What to do – For the material below, set down exactly the lines between the one containing "HONTINGA Vivo Y27" and the last line, both included, leaving every picture out.

(Dataset excerpt Opens)

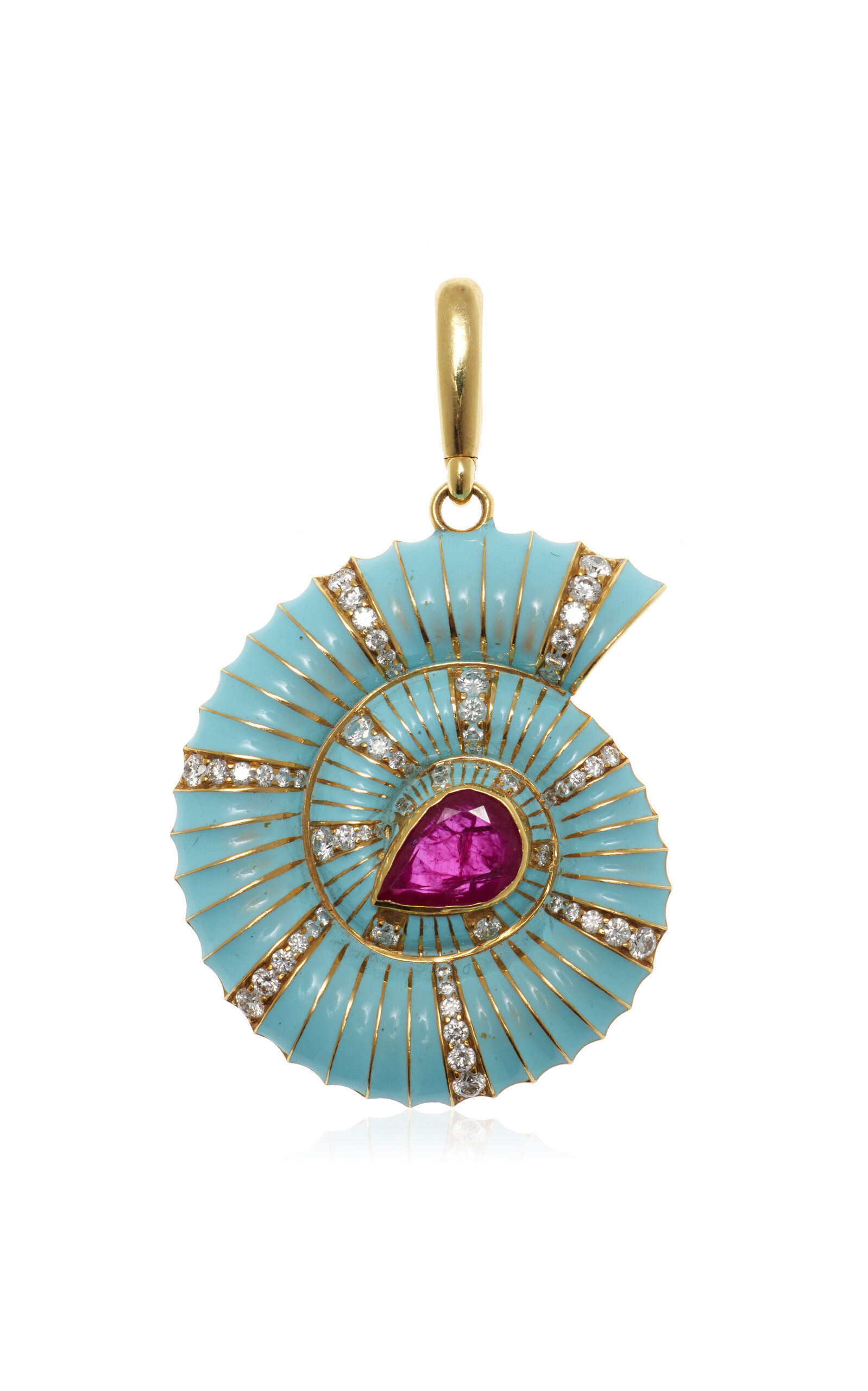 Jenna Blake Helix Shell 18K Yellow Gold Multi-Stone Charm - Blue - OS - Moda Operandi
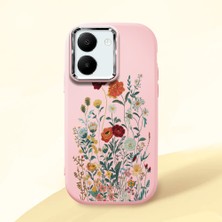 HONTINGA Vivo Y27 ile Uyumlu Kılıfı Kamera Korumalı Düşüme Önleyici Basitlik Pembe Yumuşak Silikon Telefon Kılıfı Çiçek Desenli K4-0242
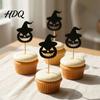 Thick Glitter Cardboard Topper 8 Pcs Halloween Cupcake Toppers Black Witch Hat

(Dataset excerpt Closes)

Result of this task –
 HONTINGA Vivo Y27 ile Uyumlu Kılıfı Kamera Korumalı Düşüme Önleyici Basitlik Pembe Yumuşak Silikon Telefon Kılıfı Çiçek Desenli K4-0242
 Thick Glitter Cardboard Topper 8 Pcs Halloween Cupcake Toppers Black Witch Hat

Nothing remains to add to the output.